Dediğiniz gibi Emine Hanım! Aile acısı her yerde aynıdır. Madem öyle, yüzbinlerce ailenin dramı karşısında niçin sessizsiniz. Anneler duymazsa kim duyacak. Adalet zirvesinde konuşan zirvedeki bir anne olarak siz duymazsanız, bu acıyı dindirmek için teşebbüs etmezseniz analık bu ülkede yerlerde sürünmek mi? Analarını ve masum yavrularını süründüren milletler iflah olur mu? Cennet, anaların ayakları altında değil mi? Anaları ve masum yavrularını ağlatanlar cennetlerini kaybetmez mi sizce?
Aile, bizim medeniyetimizde kutsal ve dokunulmazdır. Aile toplumun hatta insanlığın en küçük hücresidir.
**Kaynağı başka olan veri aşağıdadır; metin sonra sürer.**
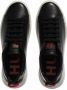HUGO Sneakers Blake_Tenn_ltW 10249945 01 in zwart - Thumbnail 2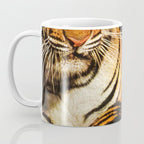 The Making of a Tiger Coffee Mug Gallery Image 3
Onun için çok doğru, dediğiniz gibi ona dokunmak dünyayı çürütüyor. Bırakın dünyayı içinde yaşadığınız ülkede birkaç insî ve cinnî şeytanın millete kurduğu tuzakla en az 100 bin masum aileye kıyıldı. Türkiye’nin ruhu katledildi, çürütüldü ve çürütülmeye de devam ediyor. Çürük kokuları yoksa sarayın koruma duvarlarını aşıp ulaşmıyor mı burunlarınıza. Bu çürüme bir baştan bir başa ülkeyi gübreliğe çevirmesinden korkuyorum! Balık baştan kokmaz mı sizce?
Sayın Emine Hanım!
Adalet Zirvesinde adaletin önemine de değinmiş şunları da demiştiniz: “Hak ihlallerinin olduğu yerde adalet, karanlıkta aranan bir cevher gibidir. Onun için atalarımız, ‘Adalet olmayınca bir yerde, insan düşer her derde’ demiş. Bu nedenle doğru yolun pusulası adalettir.” diyerek konuşmanıza devam etmiştiniz.
Bugün güzel yurdum Anadolu’da yalan ve iftiralarla soykırıma tabi tutulan masum bir gruba karşı hak ihlalleri zirveye çıktı. Bundan haberin yok mu? On binlerce masum insan düzme iddianame ve suç olmayan fiillerden dolayı hapisteler. Yüzbinlerce masum insan hakkında dava açıldı. “Kimse bir başkasının suçundan dolayı yargılanamaz.” “Kanunsuz suç olmaz.” Yine hukukta masumiyet karinesi denilen “Kişi suçu ispat edileceği ana kadar suçsuzdur.” gibi hukukun nice ilkeleri ihlal edildi. Kaldı ki hukukun bu ilkeleri hem uluslararası hem de bizim anayasamızda belirtildiği üzere, savaş, sıkıyönetim, seferberlik ve olağanüstü hallerde dahi dokunulmaz niteliğini koruyan haklar olarak kabul edilir.
(Daha geniş bilgi için bkz. Cem Uysal, Ceza Hukukunda Suçsuzluk Karinesi Üzerine Bir İnceleme ve Lekelenmeme Hakkı. Yüksek Lisans Tezi, 2017. (dergiler.ankara.edu.tr)) Bu hak ihlalleri ve hukuk katliamı karşısında da hiçbir şey söylemeyecek misin?
Haberin var mı? Adalet, artık ülkemizde karanlıkta aranan bir cevher. Bizatihi yargıda adalet pusulası kaybedildiği için millet olarak nice cevherlerimizi, ailelerimizi, annelerimizi, gençlerimizi ve çocuklarımızı kaybettik ve hala kaybetmeye devam ediyoruz. Adalet Zirvesinde söylediğin bu sözü, vicdanlarını kaybetmiş yargı mensupları karşısına çıkıp ne zaman haykıracaksın. Milletin onulmaz dertlere düşmesini ya da milletimizin kıyametini mi bekliyorsun?
Ne dersin hem senin için hem de milletimiz için çok geç olmaz mı?